Wow, you are just like the Elias Sports Bureau.
They're called facts. If you were better acquainted with them you wouldn't look silly so often.
CJ has played horribly in prior years whenever he got the chance. He would do one decent thing, then make 3 mistakes before getting yanked.
No. He played a prior year, singular, not years plural, and in single prior season he played 120 minutes, the equivalent of three games. He played little not because he was horrible, but because his coach was desperate to win right then, because he wanted a contract exten$ion. By doing so he put his own interests ahead of those of his players and his program and he played the price at the end of the year when Obekpa went AWOL and he no one with any experience to turn to and so threw Jones to the wolves.
Unfortunately for armchair analysts like you, basketball talent cannot be accurately described by pouring over statistics as you most often do.
Players get playing times based on how they perform in games. Players who do not play much in games get playing time by how they perform in practice. Practice stats do not show up online, where you get most of your information, and as was pointed out to you, even Jones' freshman stats were not online.
You cannot simply compare statistics and determine who can play and who can't. There are big men who score mostly on putbacks and dunks who are horrible shooters, yet you would cite high shooting percentage. Statistics don't show how often a player was burned on defense, or out of rebounding position or failed to box out. On poor teams, lesser players put up better numbers because frankly, someone has to score.
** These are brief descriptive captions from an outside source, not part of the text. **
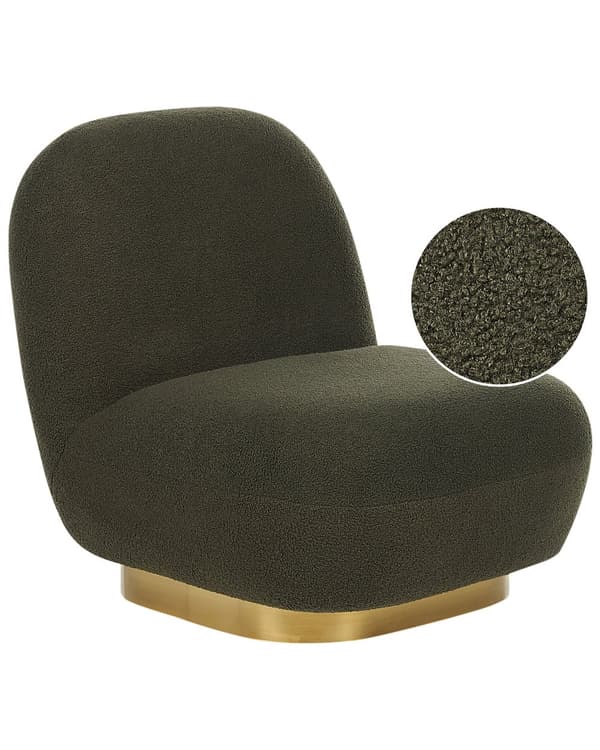 Fåtölj Grönt Bouclétyg Mjuk Guld Bas Samtida Glam Art Deco Design Vardagsrum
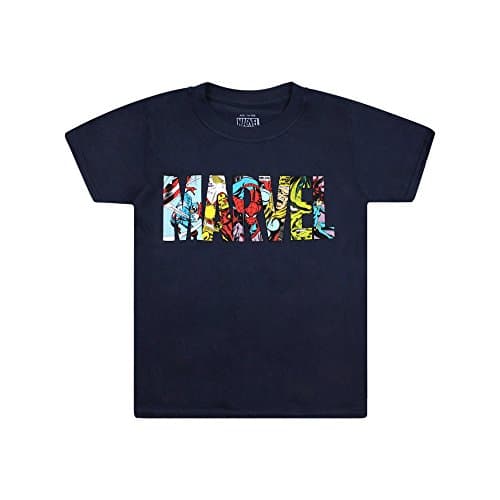 Image of Marvel Boy's Marvel Characters Logo T Shirt, Blue (Navy), 9-10 Years UK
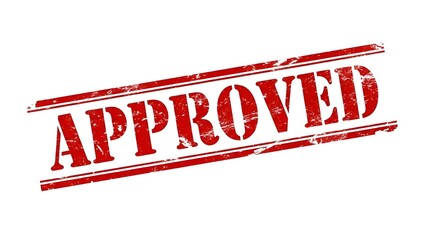 Approved stamp seal with red ink on white background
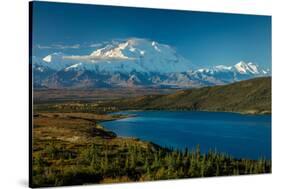 Mount Denali, previously known as McKinley from Wonder Lake, Denali National Park, Alaska-null-Stretched Canvas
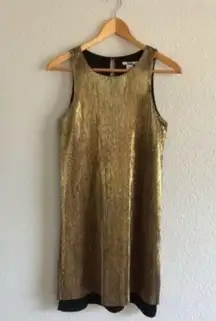 bar III Metallic Gold Dress NWT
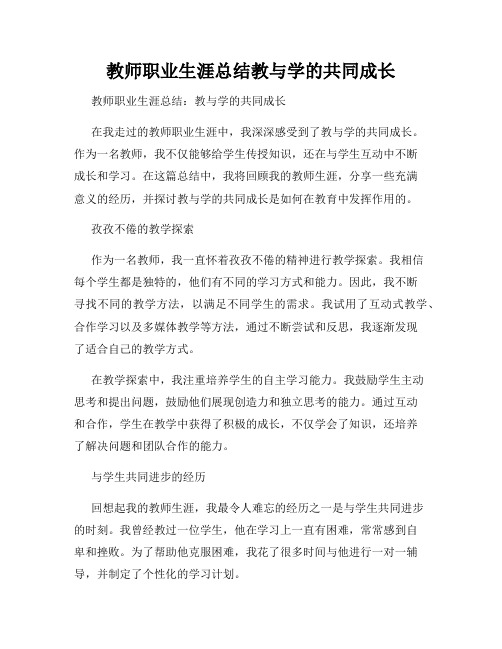 教师职业生涯总结教与学的共同成长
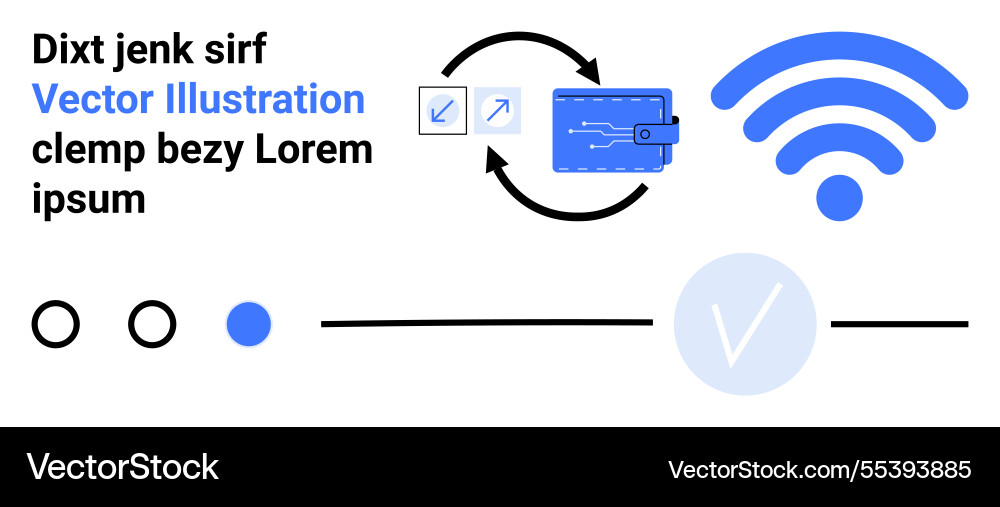 Abstract digital wallet and wireless connectivity Vector Image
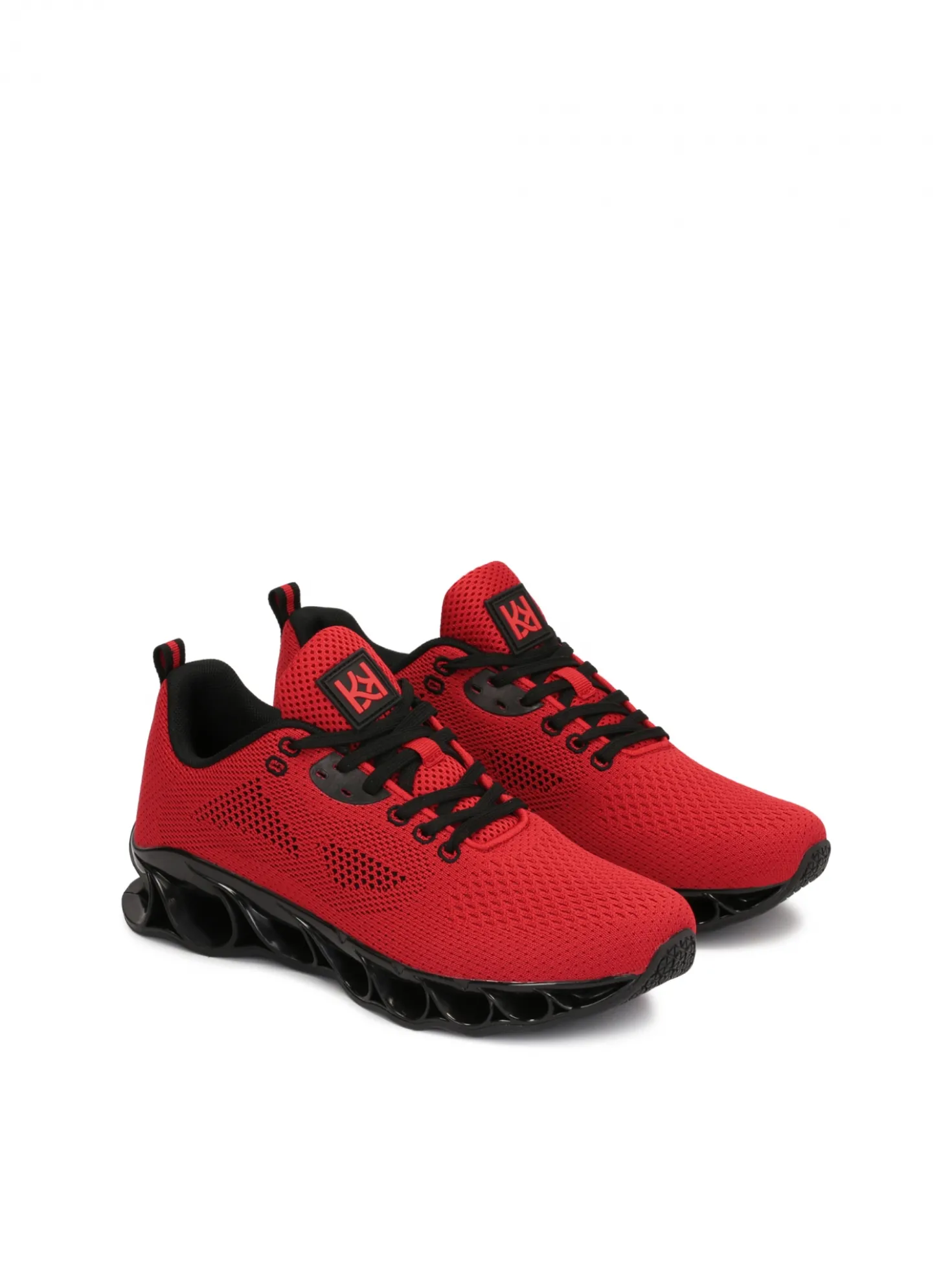 Czerwone sneakersy męskie z przewiewnej tkaniny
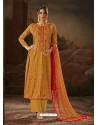 Mustard Cotton Printed Palazzo Suit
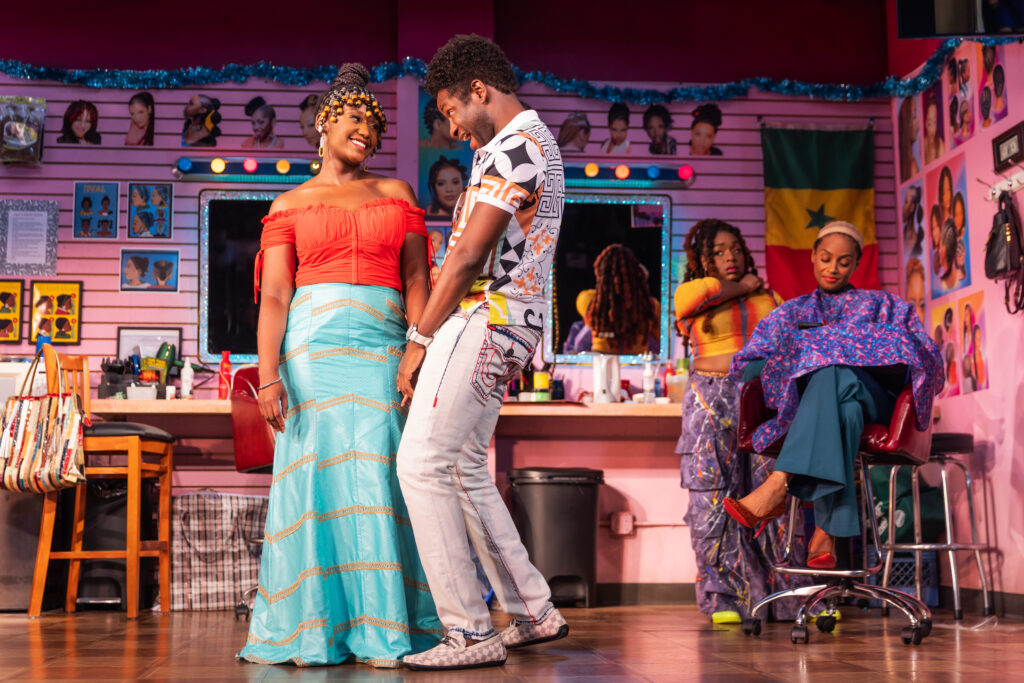 Nana Mensah, Michael Oloyede, Maechi Aharanwa, and Lakisha May in Jaja’s African Hair Braiding. Photo by Matthew Murphy.
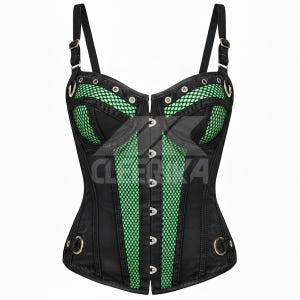 May include: Black corset with green mesh panels and accents. The corset features adjustable straps, metal eyelets, and a front closure with hooks. The word "CLERVA" is printed on the front of the corset.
This doesn't always mean they are improved, just that they are on the court more because of a paucity of talent.
While statistics mean something in basketball, they hardly mean everything.
Based on what Scottie Pippen put up while playing alongside Jordan, he (and everyone else) assumed that with Jordan retired, Pippen would ascend to superstardom - instead he kind of wilted, and the Bulls redacted to more of a .500 team.
You can project all you want about Jones improvement against grade B competition by citing stats, and you can continue bashing Lavin, but as a big bodied forward if Jones was capable, they really could have used a bruising forward to get them into the NCAAs and beyond.
I will repeat - all I am saying about Jones this season is let's see what he does during the league schedule and how SJU does, before proclaiming anything. Certainly him contributing what he's done so far is a revelation to some, but until he does it with consistency in the Big East, his benching last season may be justified.